TASK DIRECTIONS: So that the copy stays text only, transcribe the data below exactly and exclude the images.
══ DATA SUPPLIED ══
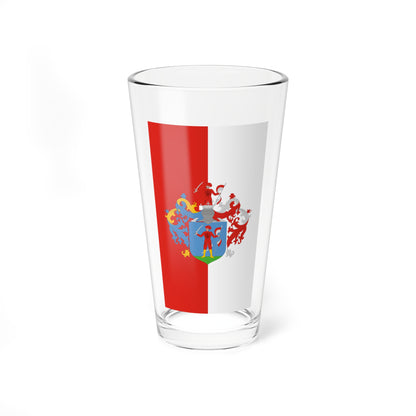 Flag of Mohacs (Hungary) Pint Glass 16oz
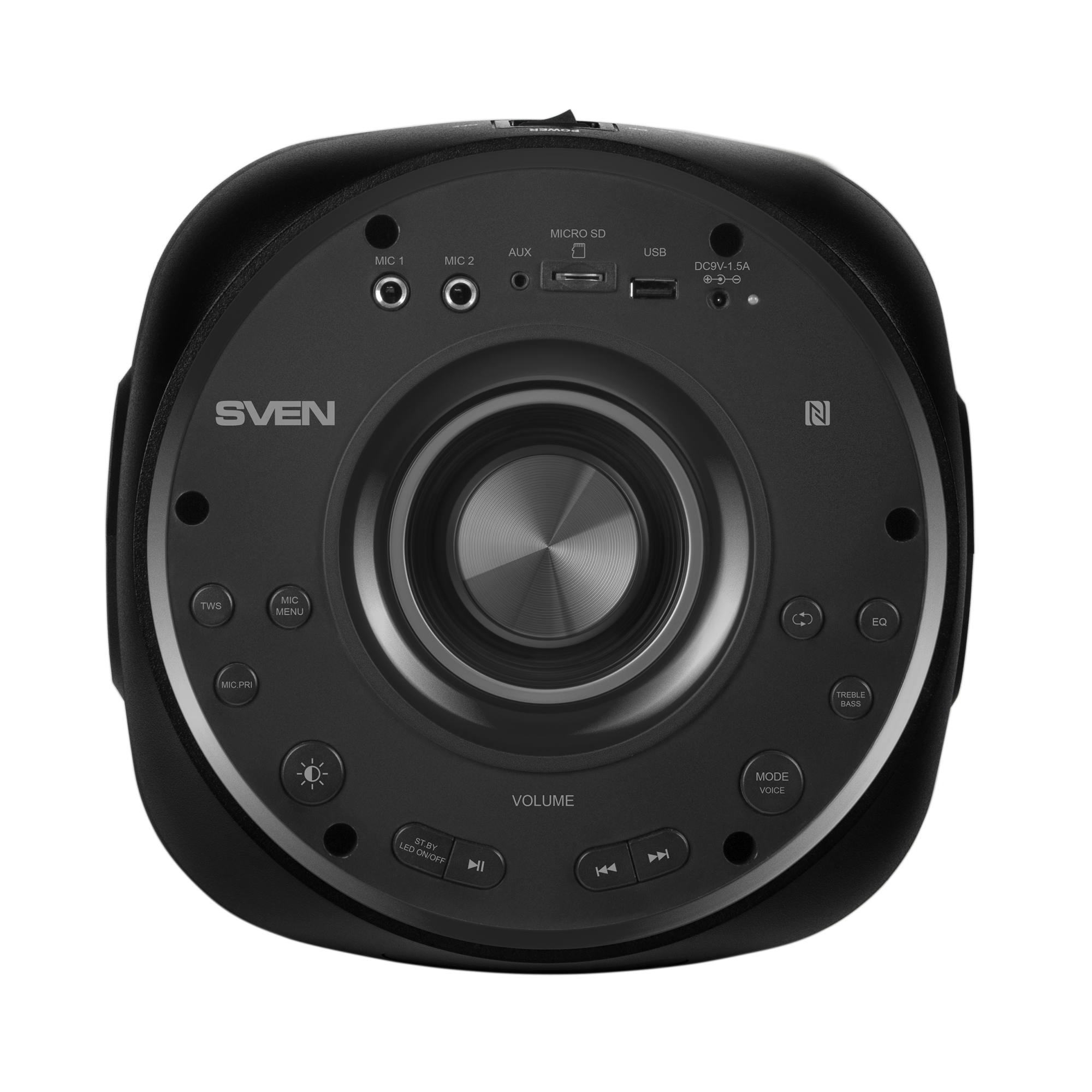 Система акустическая Sven PS-770 TWS/Bluetooth/подсветка/караоке/FM 100 Вт Black (770) - фото 6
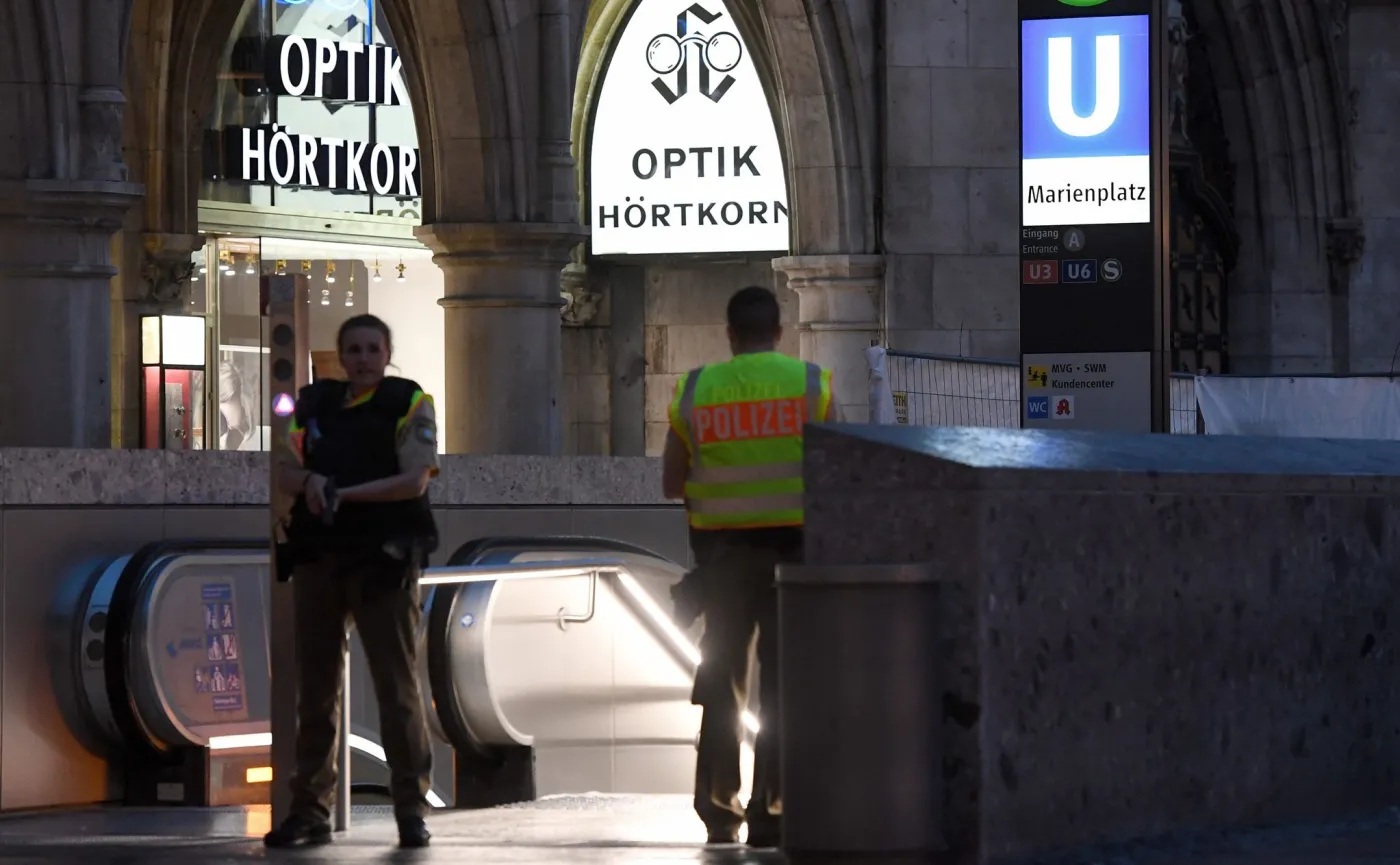 Policja w centrum Monachium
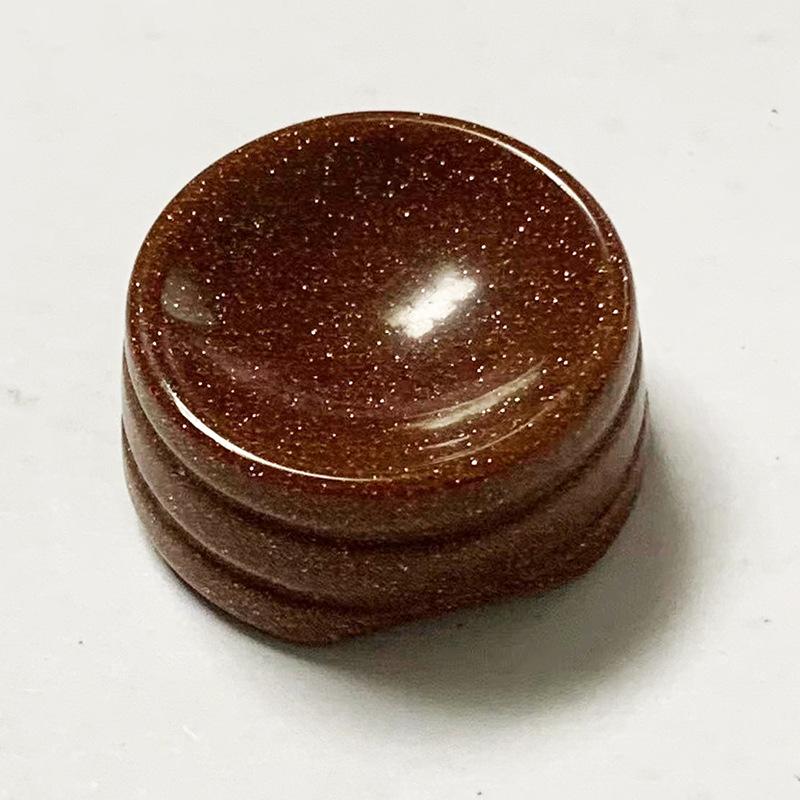 Gem Ball Ornaments Standard Natural Crystal Support Mine Various Materials Base Base Bracket Round Golf Tee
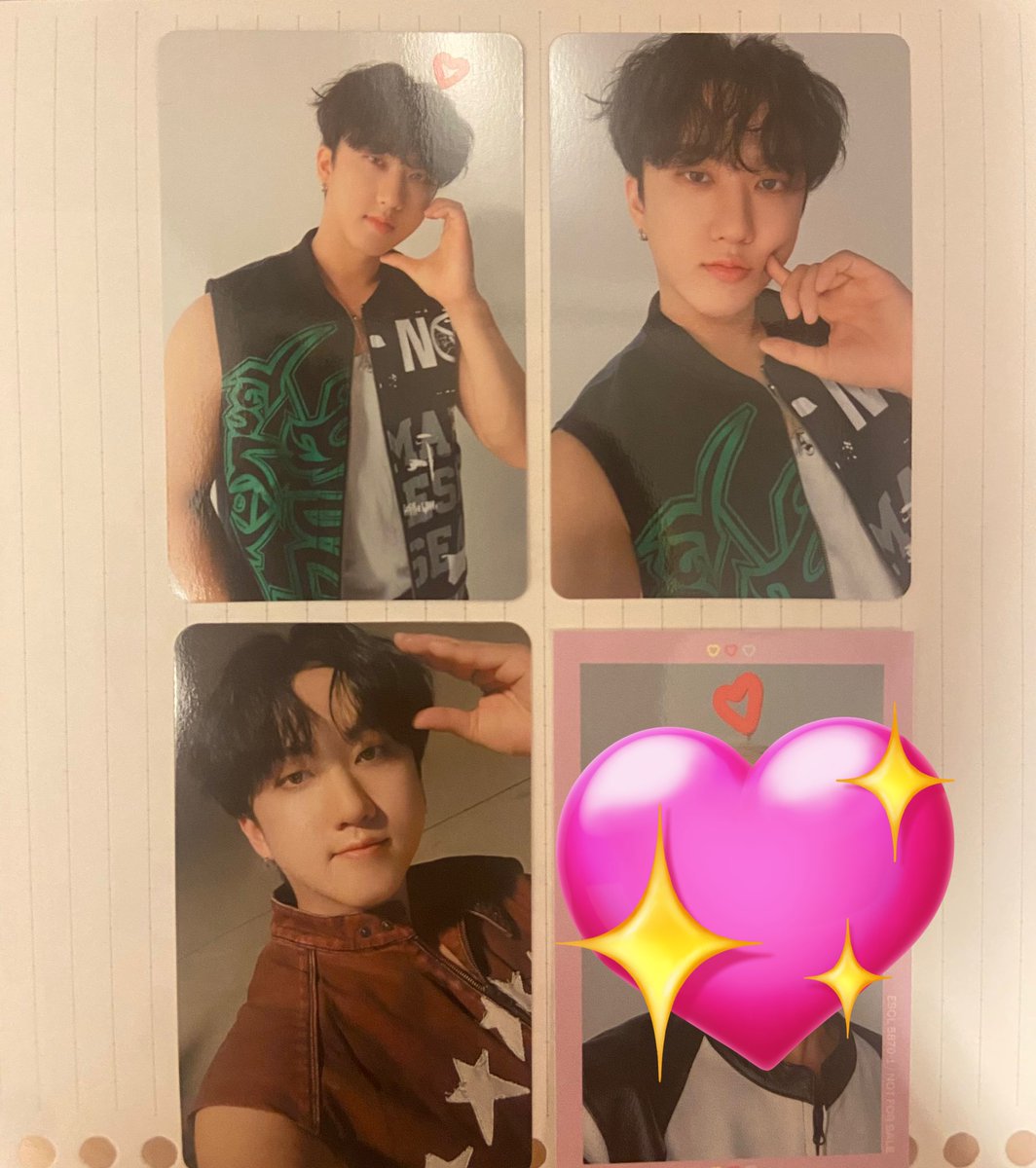 2ooama's tweet photo. Stray Kids スキズ socialpath 封入 トレカ HMV 交換

【譲】画像参照↓
　　　チャンビン🐖🐇

【求】バンチャン🐺＞スンミン🐶、ハン🐿️

同種異種問いません!

郵���、又は札幌市内手渡し https://t.co/pRcUjn1cWI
═══
EXERCISE OUTPUT:
 Flag of Mohacs (Hungary) Pint Glass 16oz
 Система акустическая Sven PS-770 TWS/Bluetooth/подсветка/караоке/FM 100 Вт Black (770) - фото 6
 Policja w centrum Monachium
 Gem Ball Ornaments Standard Natural Crystal Support Mine Various Materials Base Base Bracket Round Golf Tee
 2ooama's tweet photo. Stray Kids スキズ socialpath 封入 トレカ HMV 交換

【譲】画像参照↓
　　　チャンビン🐖🐇

【求】バンチャン🐺＞スンミン🐶、ハン🐿️

同種異種問いません!

郵���、又は札幌市内手渡し https://t.co/pRcUjn1cWI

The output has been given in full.